Saturday, December 24, 2011

What's wrong with education? It's Poverty

Dave Sirota has it right.  He had it right when Waiting for Superman was released.  He had it right 10 years ago when I taught in a 53% free and reduced lunch school, in rural Arkansas. He had it right when I lived it as a kid. It's poverty not the unions that are hurting our kids.

In the 80's I grew up as a second generation welfare recipient and ward of the state in one of the most economically devestated areas, Flint, MI. I know the impacts poverty had on  me and the kids in my neightborhood.  I know that programs put in place helped me be successful and that I was lucky.

I had funded summer day camps to attend that kept me off the street, taught me how to make taco salads, and, of course, the ever popular love knot key chain. I had after school programs that allowed me to roller skate instead of sit at home waiting for someone to come feed me. These programs were provided by my school, my neighborhood school, the one I could walk to. The same school provided me with breakfast, lunch, a librarian who let me work with her after school and gave me discontinued books, Christmas gifts, etc. All of this was provided because of government funding, funding that doesn't exist anymore.

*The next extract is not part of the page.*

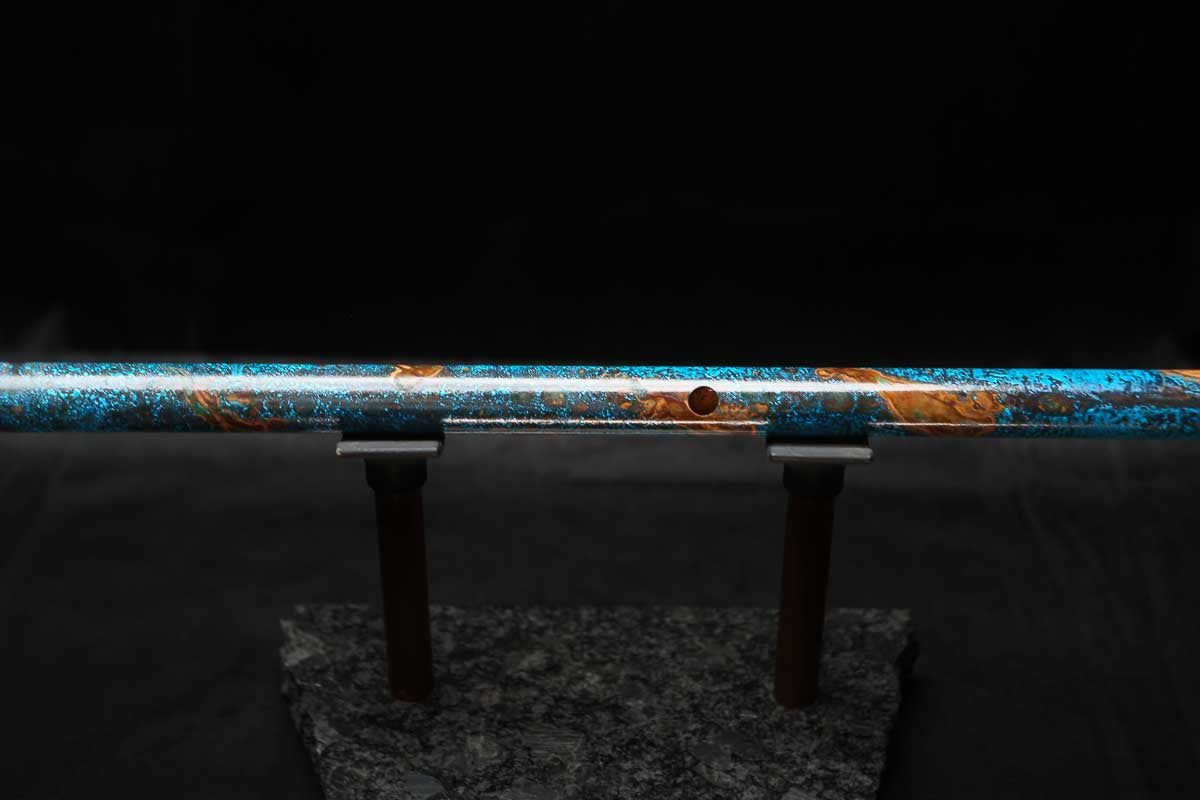 Low C Copper Flute #0156 in Copper Ocean Jade Spiral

What if we finally saw and solved the real problem? We knew what that was when I was growing up, and I can see what it is when I look in my high school classroom (a high school that because it ONLY has 25% poverty doesn't provide free/reduced breakfast, so I keep cereal bars in my room for those kids). I see it in my suburban neighborhood. Poverty looks different here. It's when a student doesn't show up for two weeks, and I finally call home to find out "this number has been disconnected" to find out later from her friend that she's now "homeless." It's bright orange signs that hang on houses that are foreclosed, but that families still live in until they're forced out as they wear their designer jeans and nike tennis shoes. It looks different here, but it's every bit as impactful.

Under the current competive funding model, schools have to qualify with test scores to "earn" funds that can change the lives of their students. Cuts have devestated programs, even in my suburban district where there are not full time librarians for elementary kids. It goes beyond free breakfast and lunch. It's educating parents who are stuck in the poverty cycle about how to parent. It's providing after school opportunities early and often for young students so that by the time they get to me they have skills that can help them succeed.

What if we saw the real problem? Stop blaming those in the trenches trying to make change? Began funding based on need not on performance? Looked at students as real individuals, not as performance statistics? Do you think it would make a difference? What if we began REAL reforms?